There is little doubt that parties in Pakistan have remained organisationally weak actors according to measures of elite recruitment, interest representation, and ideological articulation. Much of this is conditioned by the limitations imposed by a praetorian political system and the legacy of authoritarian rule. At the same time, it is also important to note that mainstream parties from across the ideational and sociological spectrum continue to survive, function, and evolve, often having an integral and arguably causal impact on political outcomes. In fact, since the resumption of procedural democracy in 2008, one can plausibly argue that party competition and partisan affiliation have become more entrenched and integral to the functioning of politics than at any point in the past.
It is exactly this corrective that a new volume, Pakistan’s Political Parties: Surviving Between Dictatorship and Democracy, offers to extant accounts of politics in the country. Edited by Mariam Mufti, Sahar Shafqat, and Niloufer Siddiqui, the volume consists of 14 substantive chapters (along with an introduction and conclusion), divided along three thematic concerns – form, function, and survival. Their primary aim, as laid out in the introductory chapter, is to analyse political parties in an environment of institutional imbalance induced by a powerful military (p. 3) and an increasingly assertive higher judiciary. Simultaneously, however, this volume views parties as actors not just conditioned by that imbalance but as agents that rework it in myriad ways as well.
The importance of this framing and the resulting analyses cannot be understated. Pakistan’s parties are a set of diverse actors, often representing distinct social and political phenomenon. As the editors and authors lay out in the first section, Pakistan’s party system represents ethnic/regional concerns and ideological expressions of Islamism, as well as more mainstream catch-all manifestations. These concerns and expressions have evolved in multiple ways, shaped by the institutional constraints of military interventions, but also by concerns over intra-party control, and internal debates and deliberation on policy, legacy, and ideology.
Saeed Shafqat’s chapter on the Pakistan Muslim League-Nawaz (PMLN), for example, is the first systematic account of the party’s evolution from a vehicle of authoritarian interest to a large mainstream party with popular appeal, mirroring the trajectory of its leader, former PM Nawaz Sharif. Here the party’s frequent contention with the military high command, its leadership’s centralising tendencies, and its sociological mooring within the urban business and lower income classes of Punjab have played an important role in its transformation.
Another outstanding contribution in this section is Anushay Malik’s review of Leftism within the party landscape, and her detailing of the role that leftist parties have played in shaping political discourse and policy, despite limited electoral success. A country far too often viewed abroad (and domestically) from within the prism of Islamist politics, Malik’s account highlights the historical evolution of left politics in the country, and the coercive constraints imposed on it by authoritarian governments. Conclusively, however, she establishes that leftist parties have played an integral role in shaping important political debates on minority community representation, labour rights, and foreign policy.

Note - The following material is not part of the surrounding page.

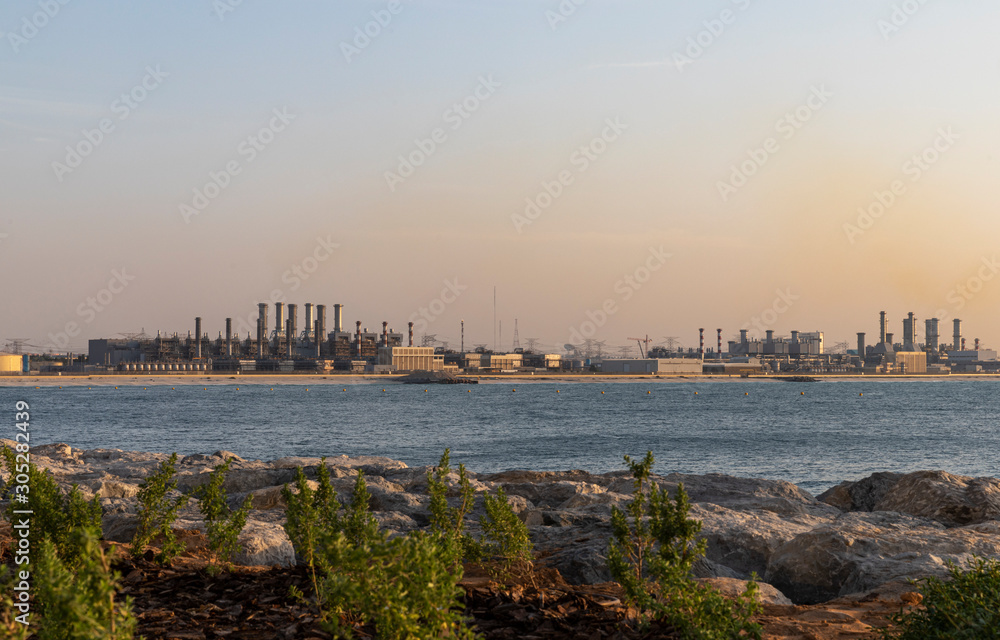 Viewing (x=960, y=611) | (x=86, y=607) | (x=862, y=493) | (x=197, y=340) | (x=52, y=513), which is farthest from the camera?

While documentation of party system forms and party survival are integral contributions, in my view the biggest strength of this volume lies in its second thematic area, viz. party functions. As mentioned earlier, existing macro-analyses of Pakistani politics tend to detach politics from its micro-foundations (such as motivations and incentives) and are heavily reliant on broad caricatures. For example, it is clear that patronage politics is important in shaping linkages between the state and citizens and that parties often function as intermediaries in this dynamic. However, variations within patronage politics, the reasons why some parties are better suited for it than others, and the extent to which patronage and clientelism itself are evolving under structural and institutional transformations such as urbanisation and democratisation often remain understudied.

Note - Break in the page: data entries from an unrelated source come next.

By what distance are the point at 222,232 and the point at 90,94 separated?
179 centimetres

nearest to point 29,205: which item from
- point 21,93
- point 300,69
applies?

The second section of this book delves into these issues and more in considerable detail and with significant methodological variation. For instance, Sameen Mohsin’s outstanding contribution fashions a systematic account of politician-bureaucrat relations and their importance in understanding patronage variations and service delivery outcomes. Liaqat, Cheema, and Mohmand’s chapter on party-voter contact situates questions of inclusion and representation in everyday politics within the urban context of Lahore – one that has rarely received such systematic attention in the past. Drawing on experimental survey data, their finding that party attention remains channelled to narrow sections of the electorate that are unrepresentative of broader demographics is an important one and highlights weakness in party infrastructure.
A similar issue is taken up by Sarah Khan, who sheds light on the important issue of multiple tiers of exclusion that women candidates face in the electoral realm. Her contribution in this volume centralises the importance of party incentives and how they meld with structural gender constraints on women’s autonomy and decision-making in producing suboptimal outcomes. It also provides valuable prescriptive options worth exploring for parties themselves, in so far as electorate views may be shaped positively by increased contact with women candidates; direct elections to reserved seats at the local level may provide a pathway for such change.
Within the black box of party politics itself, an important and understudied aspect that this section deals with is the interplay between candidates and parties, covered by Hassan Javid and Mariam Mufti in their chapter as they interrogate candidate-party persistence and defection. By way of a methodological contribution, Javid and Mufti introduce a systematic analysis of candidate type that will help observers move beyond caricatured accounts of untethered ‘electables’ constituting the entirety of the political elite.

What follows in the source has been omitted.